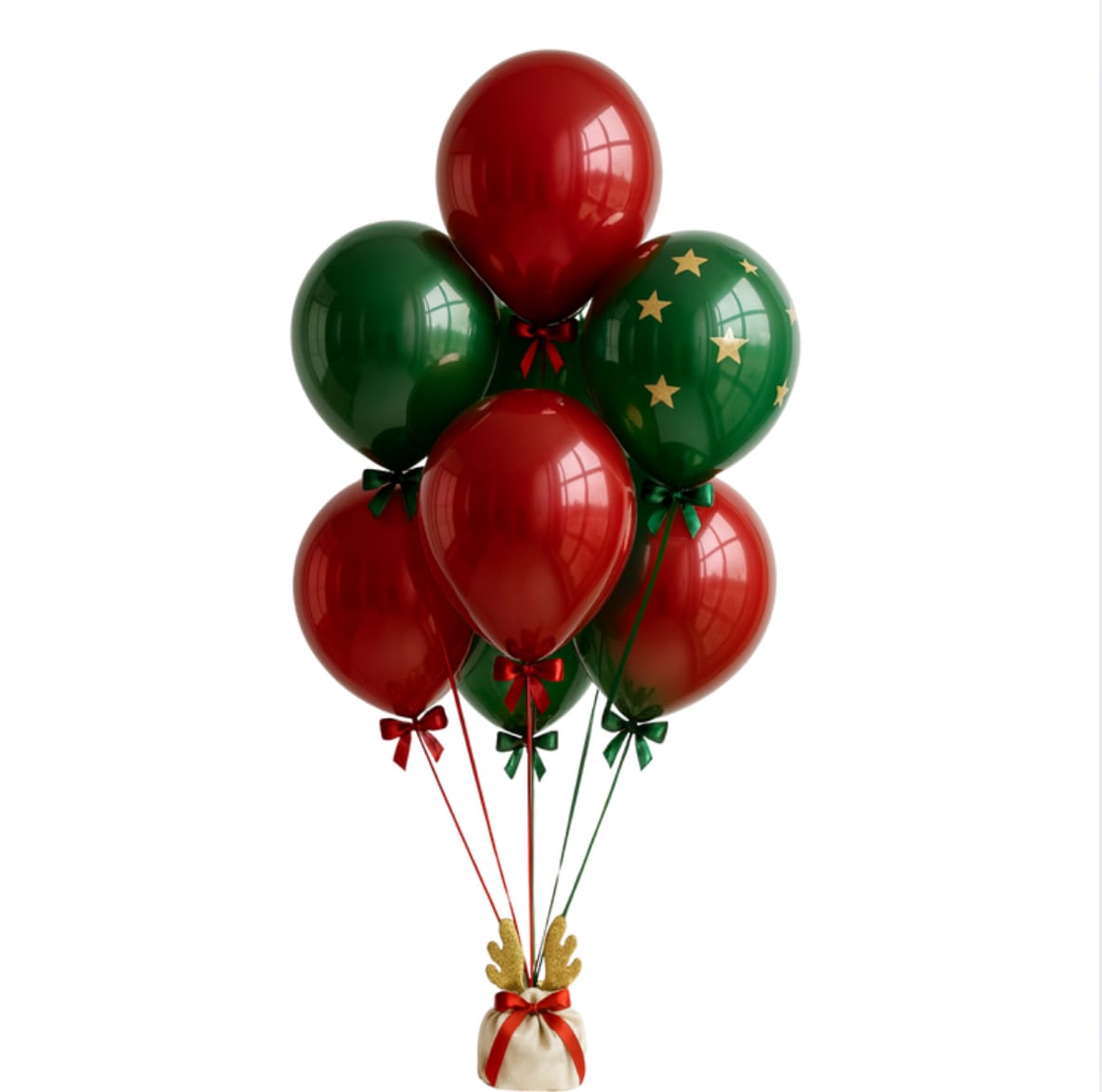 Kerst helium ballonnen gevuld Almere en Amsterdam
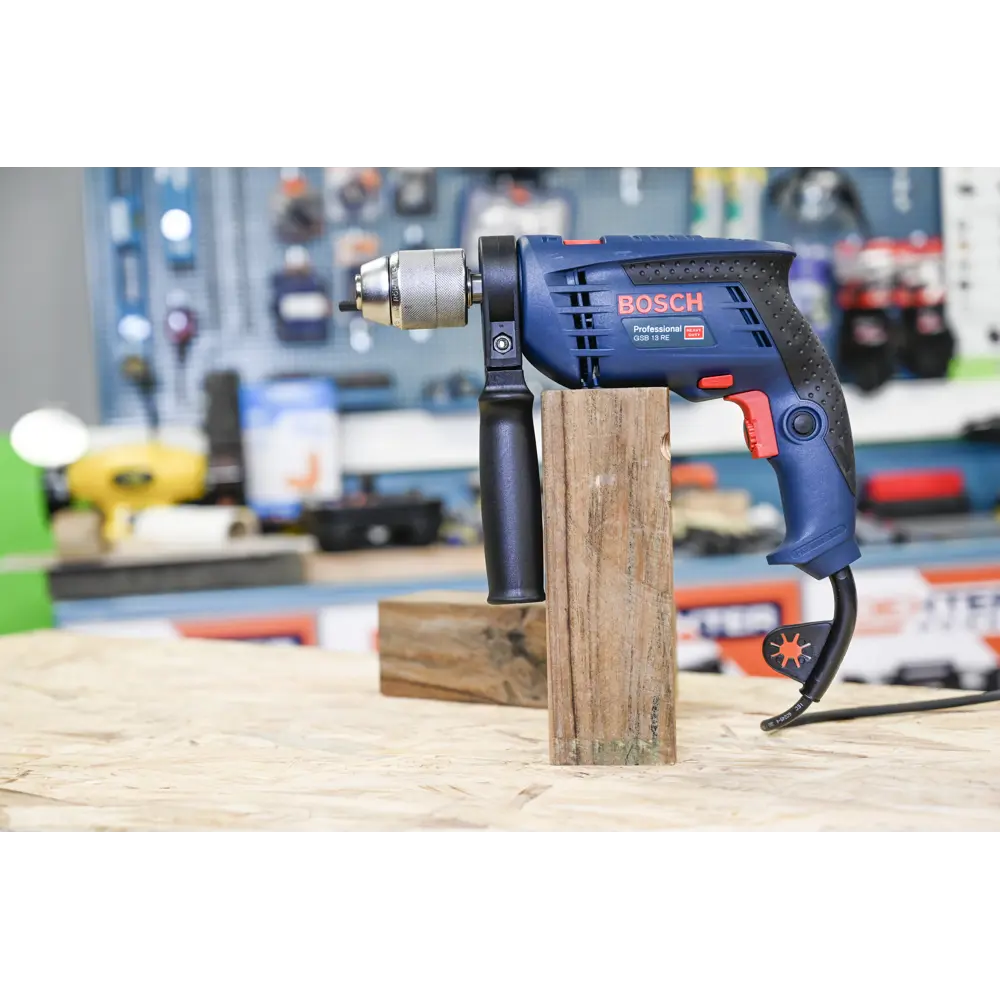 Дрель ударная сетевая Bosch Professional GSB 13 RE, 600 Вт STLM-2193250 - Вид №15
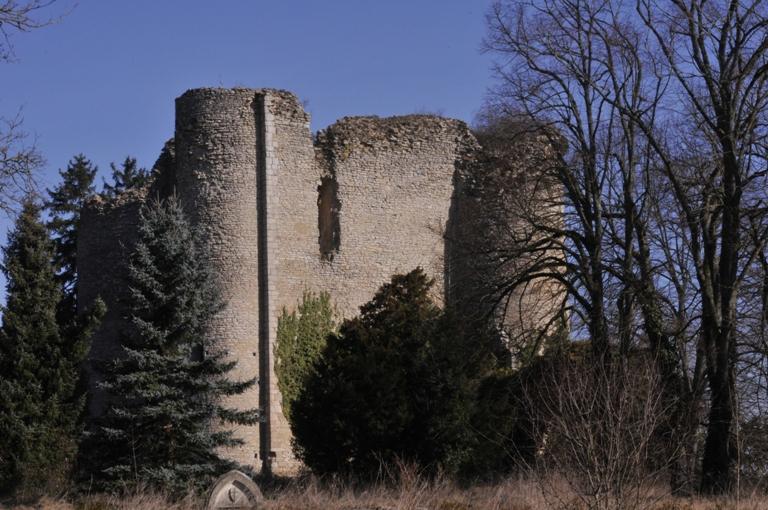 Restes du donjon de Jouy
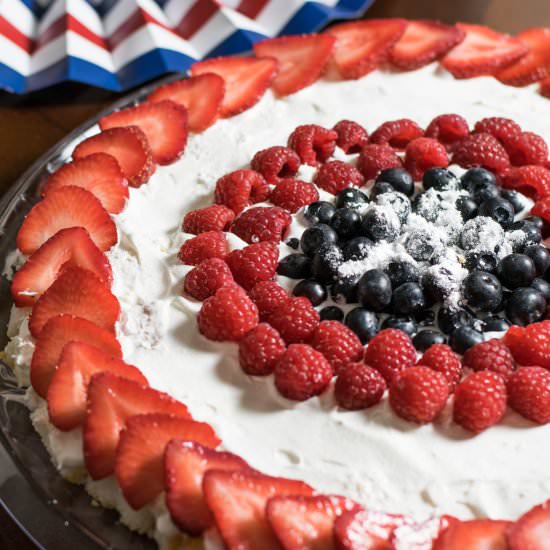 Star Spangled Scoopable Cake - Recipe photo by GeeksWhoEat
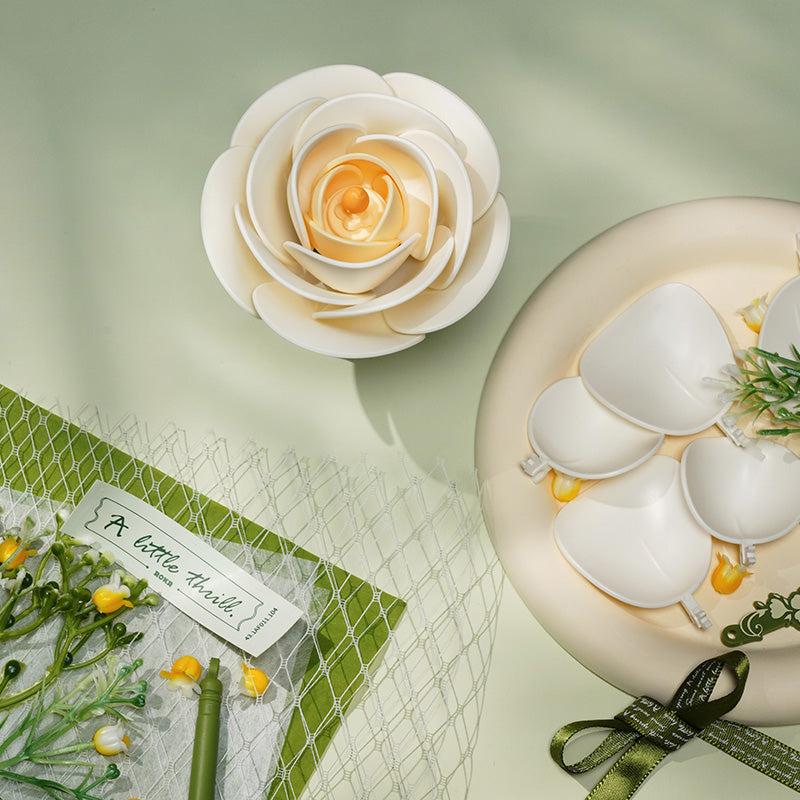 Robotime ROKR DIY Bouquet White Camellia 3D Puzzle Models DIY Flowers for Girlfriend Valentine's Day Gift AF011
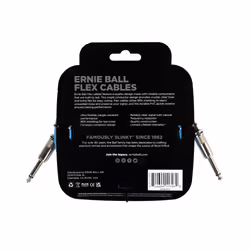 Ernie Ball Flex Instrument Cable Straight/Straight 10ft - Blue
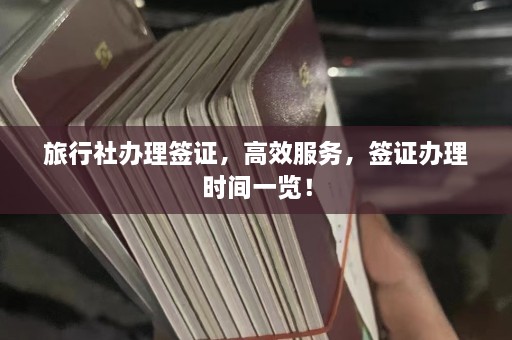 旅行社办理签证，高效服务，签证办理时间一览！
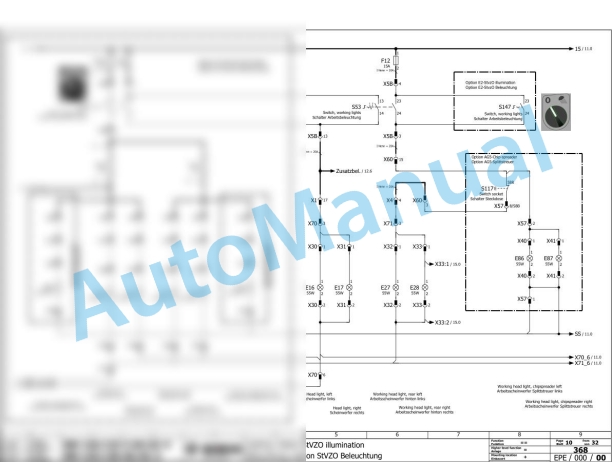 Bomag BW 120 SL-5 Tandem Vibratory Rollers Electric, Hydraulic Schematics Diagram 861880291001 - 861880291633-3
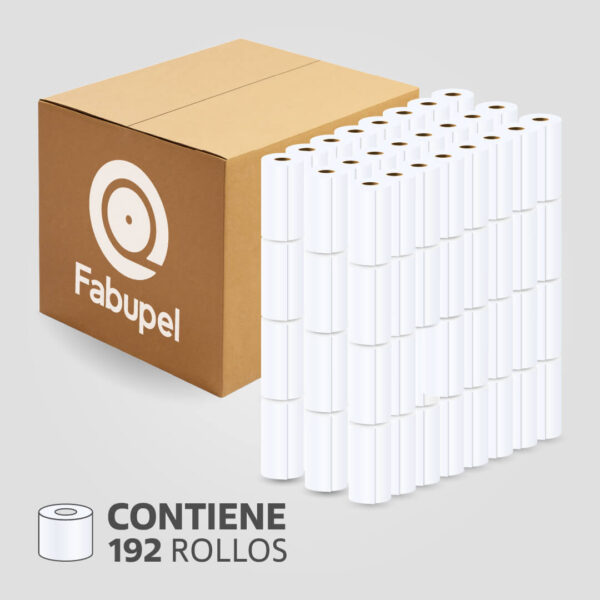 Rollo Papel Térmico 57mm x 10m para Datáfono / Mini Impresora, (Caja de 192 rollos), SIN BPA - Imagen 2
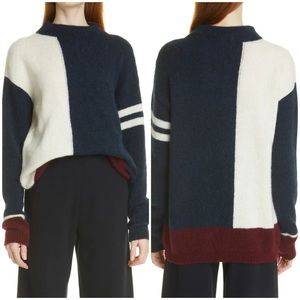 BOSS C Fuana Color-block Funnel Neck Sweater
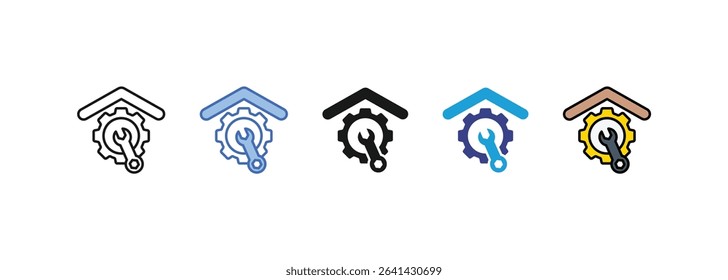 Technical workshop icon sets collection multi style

════════════════════

What you have to do: Skip the pictures, then return the rest of the data exactly.

Solution:
 Kerst helium ballonnen gevuld Almere en Amsterdam
 Дрель ударная сетевая Bosch Professional GSB 13 RE, 600 Вт STLM-2193250 - Вид №15
 Restes du donjon de Jouy
 Star Spangled Scoopable Cake - Recipe photo by GeeksWhoEat
 Robotime ROKR DIY Bouquet White Camellia 3D Puzzle Models DIY Flowers for Girlfriend Valentine's Day Gift AF011
 Ernie Ball Flex Instrument Cable Straight/Straight 10ft - Blue
 旅行社办理签证，高效服务，签证办理时间一览！
 Bomag BW 120 SL-5 Tandem Vibratory Rollers Electric, Hydraulic Schematics Diagram 861880291001 - 861880291633-3
 Rollo Papel Térmico 57mm x 10m para Datáfono / Mini Impresora, (Caja de 192 rollos), SIN BPA - Imagen 2
 BOSS C Fuana Color-block Funnel Neck Sweater
 Technical workshop icon sets collection multi style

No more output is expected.